### YOUR INSTRUCTIONS:
Output each line of the data below exactly, omitting any image.

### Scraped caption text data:
_ _ _ _ _ _ _

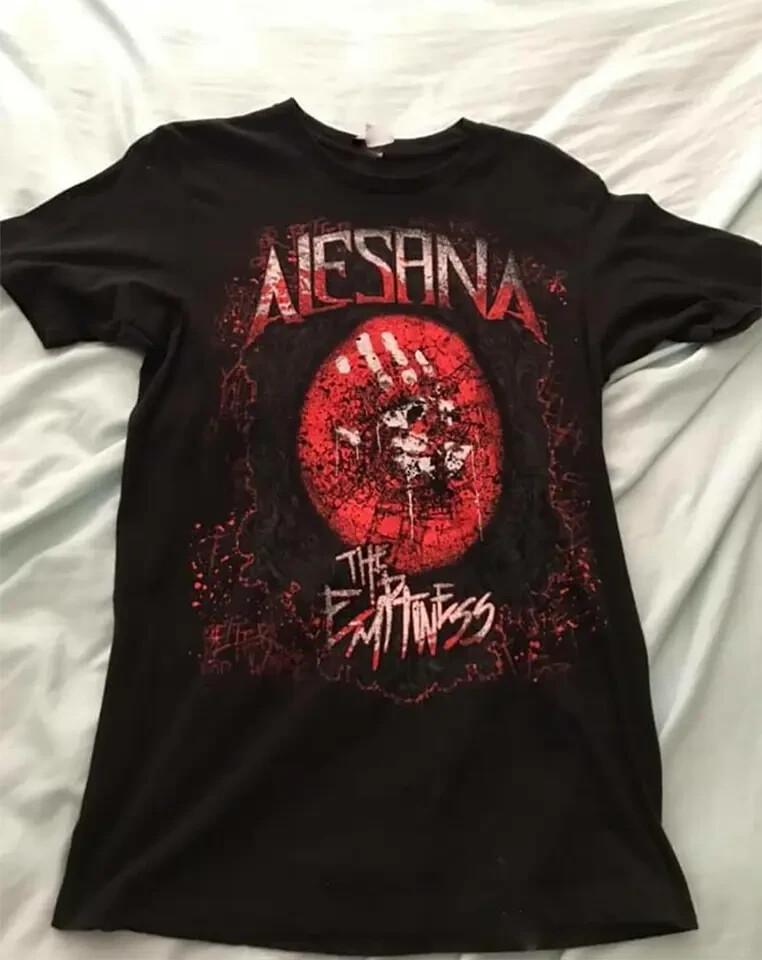 Alesana Band Men T Shirt T Shirt Size S - 5XL Gifl For Fan Unisex T-Shirt S
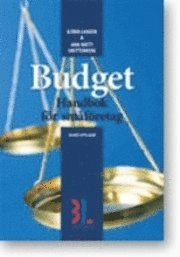 Budget : handbok för småföretag; Björn Lundén, Ann-Britt Smittenberg; 2010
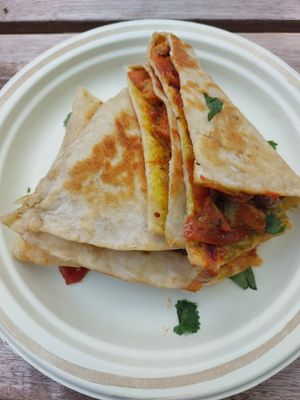  at Caked Coffee in Toronto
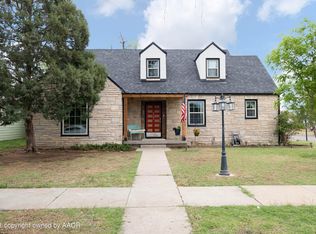 2509 S Polk St, Amarillo, TX 79109
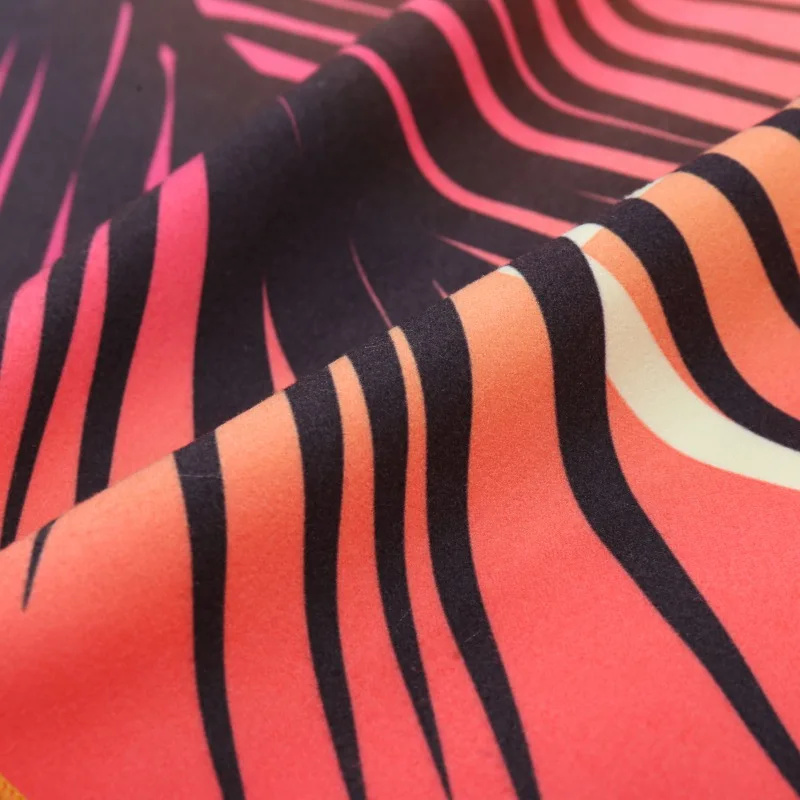 

160*80cm Coconut tree Printed Beach Microfiber Fabric Swimming Towel Quik Dry Sand Free Multifuntion Beach Towels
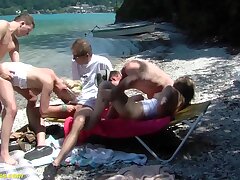 public family approach groupsex fuck-a-thon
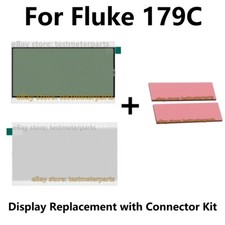Display For Fluke 179C Portble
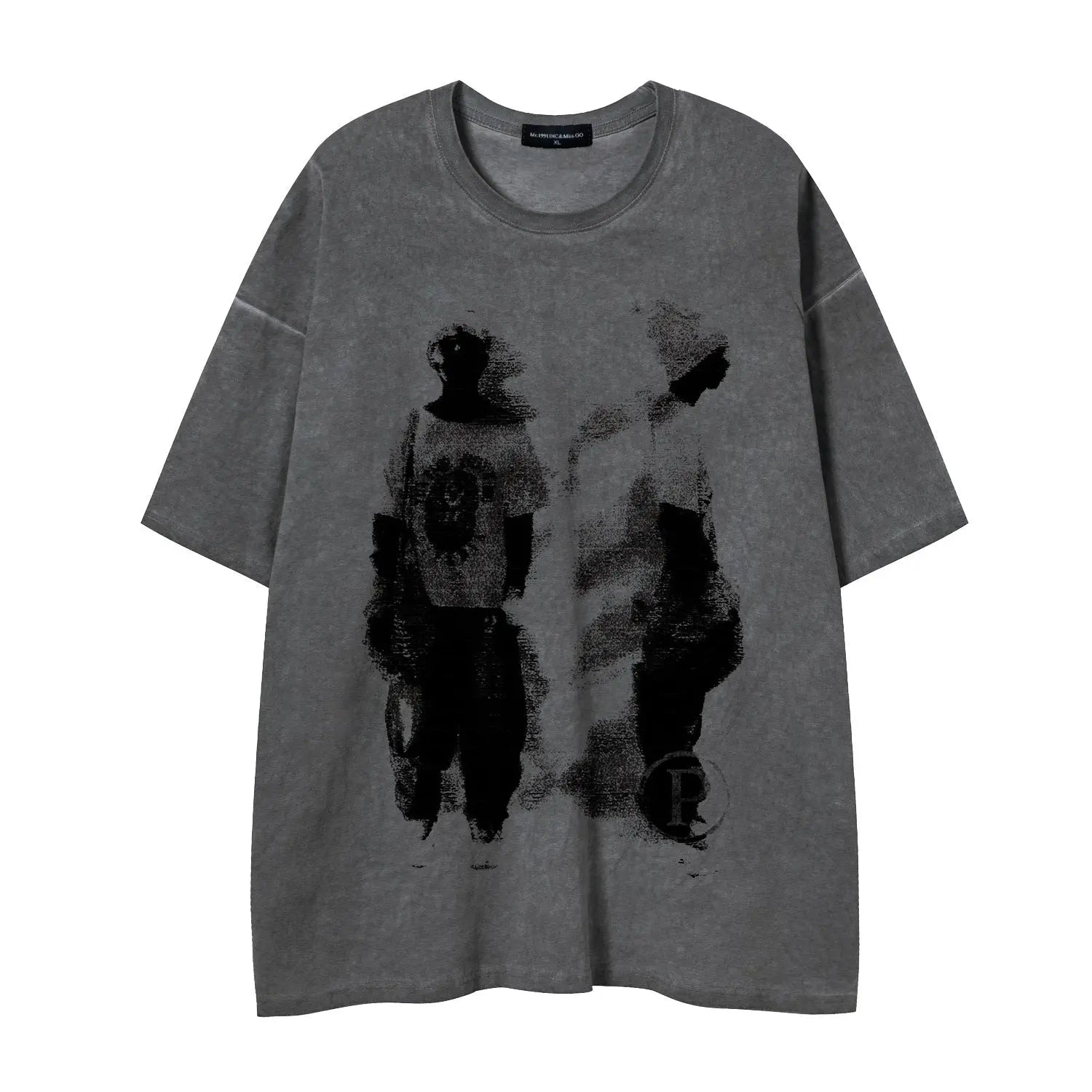 Loose casual T-shirt for men and women eprolo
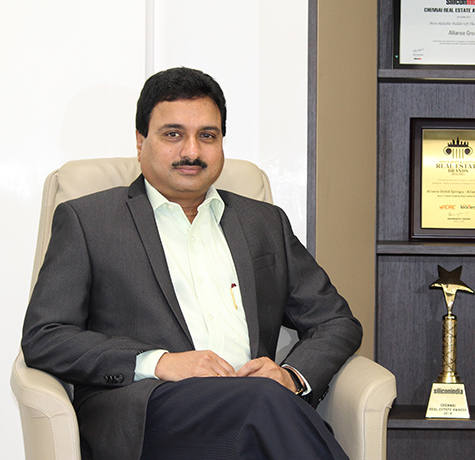 Mr. Chandrasekhar Pothireddy
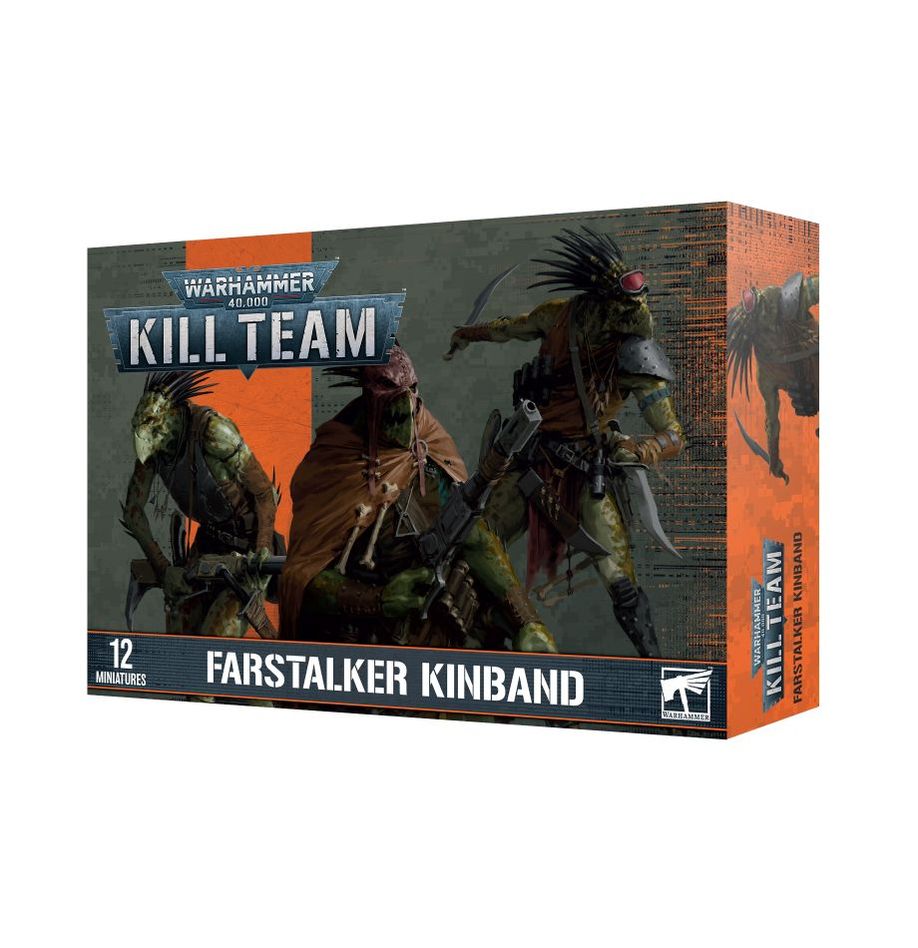 Games Workshop 103-08 - Kill Team: Farstalker Kinband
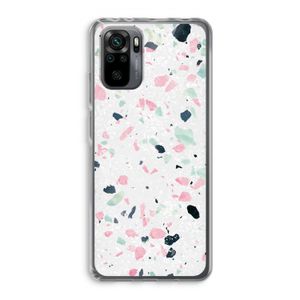 Terrazzo N°3: Xiaomi Redmi Note 10 Pro Transparant Hoesje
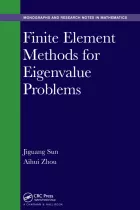 Product cover for Finite Element Methods for Eigenvalue Problems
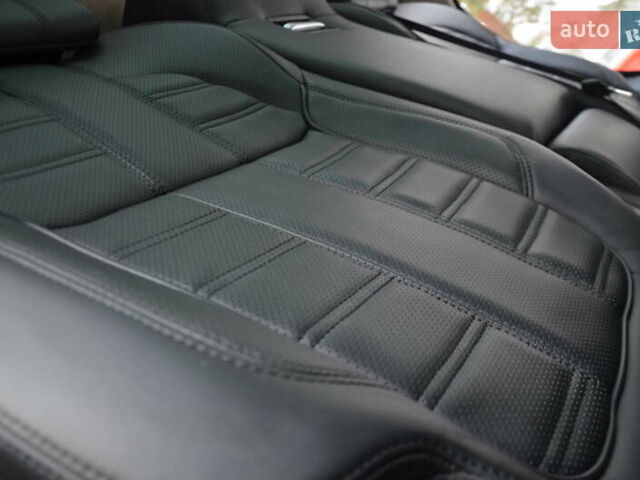 Белый Ленд Ровер Рендж Ровер Спорт, объемом двигателя 3 л и пробегом 132 тыс. км за 28350 $, фото 63 на Automoto.ua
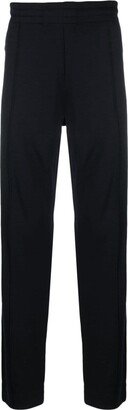 Straight-Leg Slip-On Track Pants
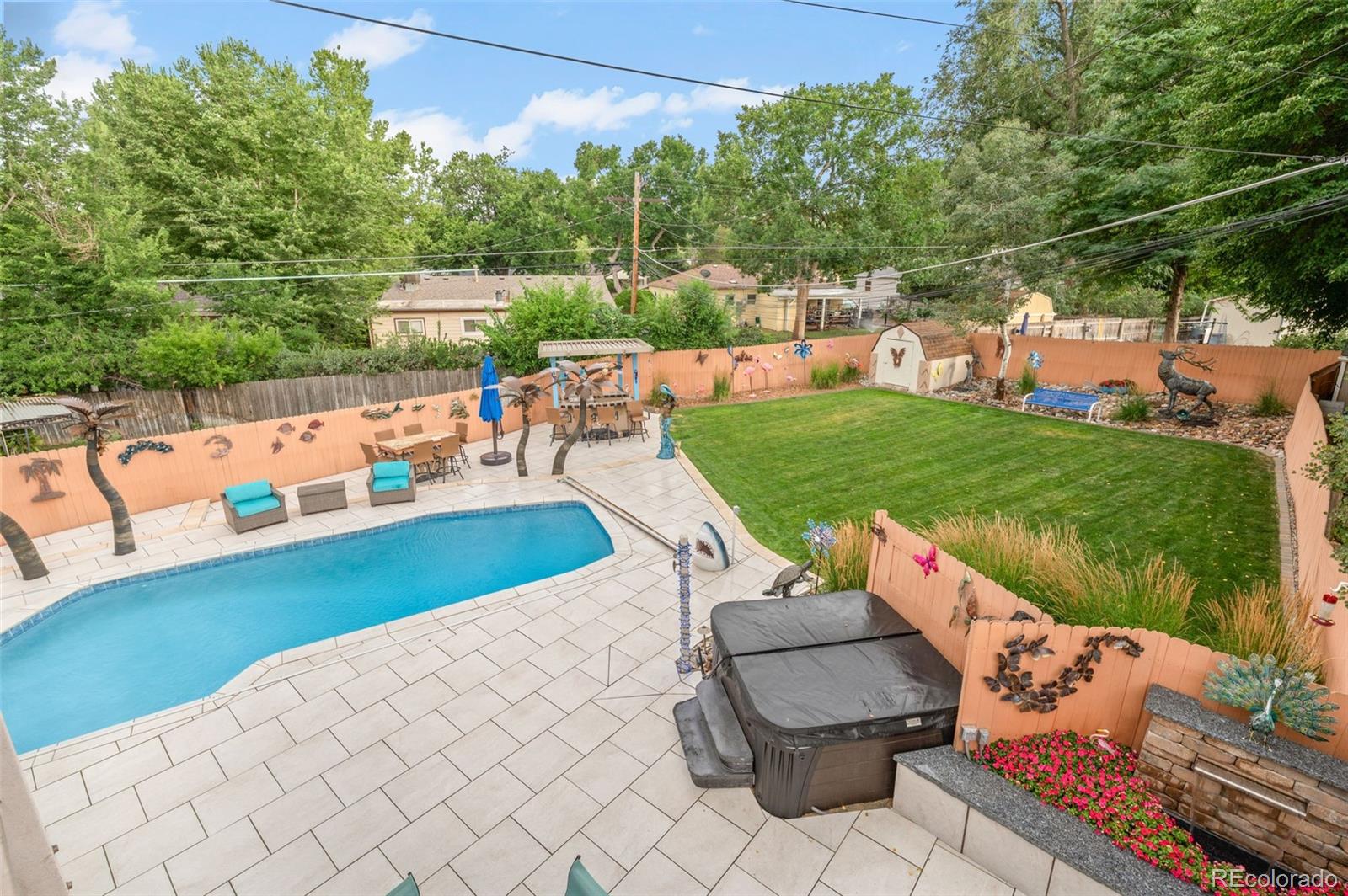 MLS Image #38 for 5140 e missouri avenue,denver, Colorado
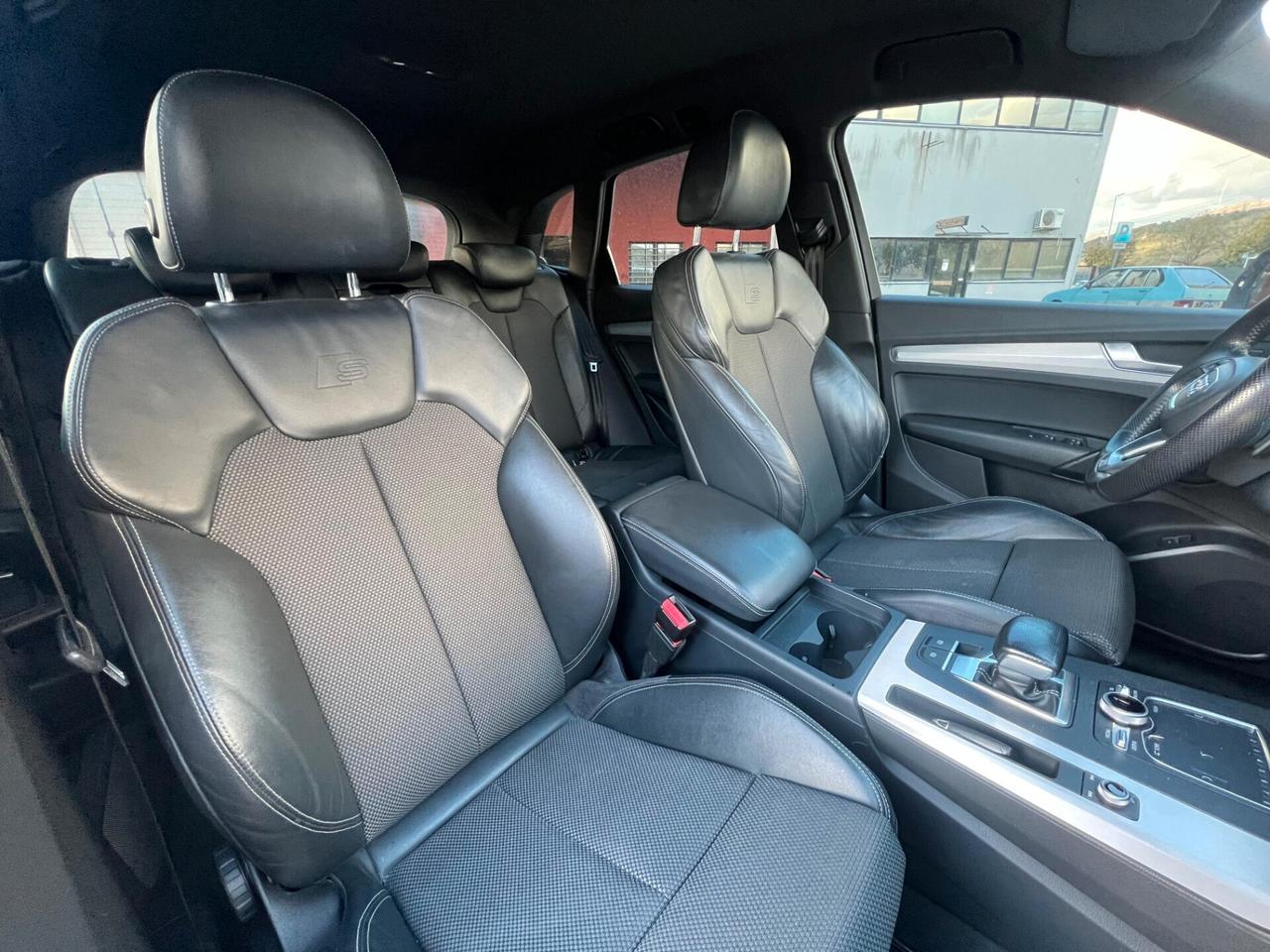 Audi SQ5 40 2.0TDI 190 CV quattro S tronic Restyling Sport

_ _ _ _ _ _ _

### ANSWER SECTION:
 Alesana Band Men T Shirt T Shirt Size S - 5XL Gifl For Fan Unisex T-Shirt S
 Budget : handbok för småföretag; Björn Lundén, Ann-Britt Smittenberg; 2010
  at Caked Coffee in Toronto
 2509 S Polk St, Amarillo, TX 79109

160*80cm Coconut tree Printed Beach Microfiber Fabric Swimming Towel Quik Dry Sand Free Multifuntion Beach Towels
 public family approach groupsex fuck-a-thon
Display For Fluke 179C Portble
 Loose casual T-shirt for men and women eprolo
 Mr. Chandrasekhar Pothireddy
 Games Workshop 103-08 - Kill Team: Farstalker Kinband
 Terrazzo N°3: Xiaomi Redmi Note 10 Pro Transparant Hoesje
 Product cover for Finite Element Methods for Eigenvalue Problems
 Белый Ленд Ровер Рендж Ровер Спорт, объемом двигателя 3 л и пробегом 132 тыс. км за 28350 $, фото 63 на Automoto.ua
 Straight-Leg Slip-On Track Pants
 MLS Image #38 for 5140 e missouri avenue,denver, Colorado
 Audi SQ5 40 2.0TDI 190 CV quattro S tronic Restyling Sport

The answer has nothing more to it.